For a history of the textbook controversy, see:
Mark Selden and Yoshiko Nozaki, “Japanese Textbook Controversies, Nationalism, and Historical Memory: Intra- and Inter-national Conflicts”.
Two key organizations involved in the textbook controversy in recent years are the Japanese Society for History Textbook Reform, which has produced controversial nationalistic textbooks since its establishment in 1996. The organization Children and Textbooks Japan Network 21 was established in 1998 to “continue the achievements of Ienaga Saburo and his textbook trials”. There have been attempts to write joint textbooks in East Asia, including A History to Open the Future (available on Kindle) produced by Chinese, Korean and Japanese scholars. A New Modern History of Asia (free pdf download) is another.
History Education
History education is what goes on in the classroom. It includes the reading of history textbooks, but also includes things like school visits to peace museums, the usage of supplementary materials by history teachers, invited talks at schools by members of the war generation, and references to war in other subjects, particularly Kokugo (Japanese) and Dotoku (morals). In history education, the priorities and perspectives of history teachers can come to the fore.

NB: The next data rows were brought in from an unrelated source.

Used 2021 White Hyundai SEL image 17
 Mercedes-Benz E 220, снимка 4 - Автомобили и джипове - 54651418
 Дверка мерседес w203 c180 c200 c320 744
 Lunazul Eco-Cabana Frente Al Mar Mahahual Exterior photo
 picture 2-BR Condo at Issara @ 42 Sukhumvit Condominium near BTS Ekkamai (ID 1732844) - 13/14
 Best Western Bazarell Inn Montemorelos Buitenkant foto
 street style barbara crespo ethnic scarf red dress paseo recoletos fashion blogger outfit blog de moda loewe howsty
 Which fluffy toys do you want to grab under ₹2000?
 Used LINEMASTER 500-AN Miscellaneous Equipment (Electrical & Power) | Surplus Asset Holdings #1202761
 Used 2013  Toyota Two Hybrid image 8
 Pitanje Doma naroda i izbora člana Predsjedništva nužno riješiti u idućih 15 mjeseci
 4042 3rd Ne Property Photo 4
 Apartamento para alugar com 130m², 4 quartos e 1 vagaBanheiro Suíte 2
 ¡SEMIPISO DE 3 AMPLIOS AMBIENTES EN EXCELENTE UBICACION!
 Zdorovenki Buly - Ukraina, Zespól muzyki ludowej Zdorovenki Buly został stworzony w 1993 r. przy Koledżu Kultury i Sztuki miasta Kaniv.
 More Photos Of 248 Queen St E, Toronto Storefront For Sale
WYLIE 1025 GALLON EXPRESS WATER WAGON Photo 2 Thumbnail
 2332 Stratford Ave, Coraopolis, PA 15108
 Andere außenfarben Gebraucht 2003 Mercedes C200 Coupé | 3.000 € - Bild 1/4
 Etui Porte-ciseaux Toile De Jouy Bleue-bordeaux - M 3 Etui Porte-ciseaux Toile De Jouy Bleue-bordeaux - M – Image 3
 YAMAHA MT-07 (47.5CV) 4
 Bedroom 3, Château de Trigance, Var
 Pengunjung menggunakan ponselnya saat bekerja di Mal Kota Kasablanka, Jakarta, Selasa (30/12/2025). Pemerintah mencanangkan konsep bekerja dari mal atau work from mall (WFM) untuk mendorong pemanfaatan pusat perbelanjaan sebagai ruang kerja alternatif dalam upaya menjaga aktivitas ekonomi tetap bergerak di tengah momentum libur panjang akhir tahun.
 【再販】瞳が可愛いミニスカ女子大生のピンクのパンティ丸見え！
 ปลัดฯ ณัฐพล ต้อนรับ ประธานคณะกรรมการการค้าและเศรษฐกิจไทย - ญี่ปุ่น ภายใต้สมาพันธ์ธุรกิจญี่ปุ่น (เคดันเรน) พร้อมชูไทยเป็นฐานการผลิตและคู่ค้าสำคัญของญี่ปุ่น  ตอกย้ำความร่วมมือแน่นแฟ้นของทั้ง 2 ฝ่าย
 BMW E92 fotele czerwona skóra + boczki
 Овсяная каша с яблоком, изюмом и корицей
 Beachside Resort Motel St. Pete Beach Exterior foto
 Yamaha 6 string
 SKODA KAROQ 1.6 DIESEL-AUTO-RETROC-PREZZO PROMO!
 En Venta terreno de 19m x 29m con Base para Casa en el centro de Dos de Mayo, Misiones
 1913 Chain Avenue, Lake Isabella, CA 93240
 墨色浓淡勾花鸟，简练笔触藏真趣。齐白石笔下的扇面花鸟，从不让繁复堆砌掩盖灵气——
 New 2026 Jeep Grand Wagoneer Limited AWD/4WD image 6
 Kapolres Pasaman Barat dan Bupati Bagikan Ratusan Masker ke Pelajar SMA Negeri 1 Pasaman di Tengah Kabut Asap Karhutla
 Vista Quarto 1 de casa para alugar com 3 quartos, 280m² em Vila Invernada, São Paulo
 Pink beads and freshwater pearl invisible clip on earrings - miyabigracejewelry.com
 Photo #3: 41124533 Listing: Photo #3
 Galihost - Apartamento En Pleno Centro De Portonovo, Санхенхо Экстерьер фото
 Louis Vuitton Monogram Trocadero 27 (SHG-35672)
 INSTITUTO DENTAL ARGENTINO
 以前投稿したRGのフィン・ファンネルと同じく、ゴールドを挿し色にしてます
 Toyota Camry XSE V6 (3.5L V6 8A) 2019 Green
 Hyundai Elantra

In addition to the pages Peace Museums and Hiroshima (I) within this website, see the following:
Philip Seaton and Kurahashi Ayako, “War Responsibility and the Family in Japan: Kurahashi Ayako’s My Father’s Dying Wish”.
I have developed these arguments most fully in Chapter 6 of Japan’s Contested War Memories and my article “Reporting the 2001 textbook and Yasukuni Shrine controversies: Japanese war memory and commemoration in the British media” (not open access).